How is a Jew raised then?
With Jewish values enforced in the home. A respect for people of different faiths and ethnicities. A respect for parents, and people in general.
Jews are raised with Jewish experiences, revolving around Jewish holidays and Jewish issues- JEWISH RELIGIOUS TEXTS, TORAH, TALMUD, Midrash, etc.
I believe that even if you are intermarried it is still possible to raise your child Jewish - Reform or not. It's just a whole lot harder to do so.
The fact that the Reform movement doesn't explain what "raised Jewish" means, is of little consequence.
There are certain elements of Judaism that are unique to Judaism. The holidays and their meaning, for example. There are other ideas that are more universal that are taught in many religions, such as those expressed in the 10 commandments, for example.

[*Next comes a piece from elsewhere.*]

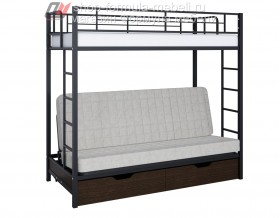 двухъярусная кровать с диваном и ящиками Мадлен цвет чёрный / бежевый /  венге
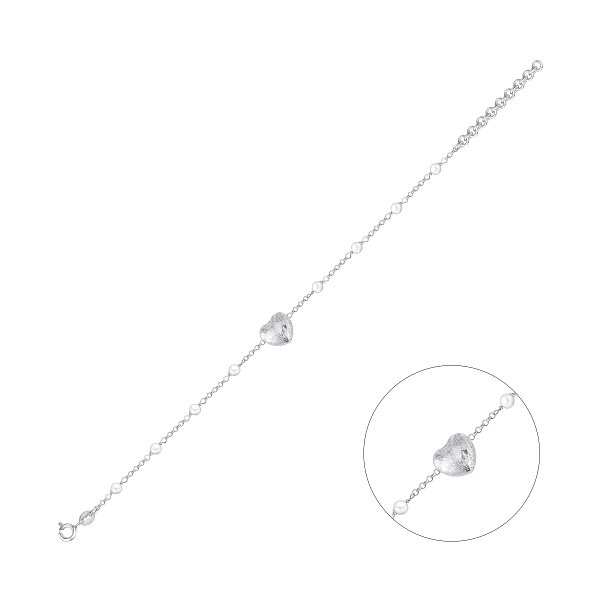 Серебряный браслет с жемчугом (арт. 7509/5165мжб) – изображение 1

Using the term "raised Jewish" is an exclusive term, though, because there are some things, if taught to your children, cannot be considered Jewish. If you teach your child, or allow the child to be taught, that Jesus is God, messiah, etc., that is not Jewish. Same thing if you teach your child there is more then one God - like in Buddhism. If you take your child to church on a religious holiday, on a consistent basis, you are not raising your child Jewish. (It's one thing to do so to learn about another religion on an academic level, it's different when you go because mommy or daddy doesn't go to synagogue.) If you allow for these scenarios or others similar to occur within your household, then you are not raising your child Jewish.
If you are not going to raise your child as a Jew, exclusively, I can't see why you'd even want to participate in the Reform Jewish movement. If you want to raise your child in two faiths, then of course you can, but that's not the same thing as raising your child Jewish.
There is nothing ambiguous about what it means to be Jewish. You can raise your child Jewish even if you are married to someone of another faith, as long as you don't give your child a RELIGIOUS education about that faith, whatever it may be. When that happens, you truly have raised an interfaith child, not a Jewish child. This can cause great confusion and stress for children, which is why I do not believe in such things.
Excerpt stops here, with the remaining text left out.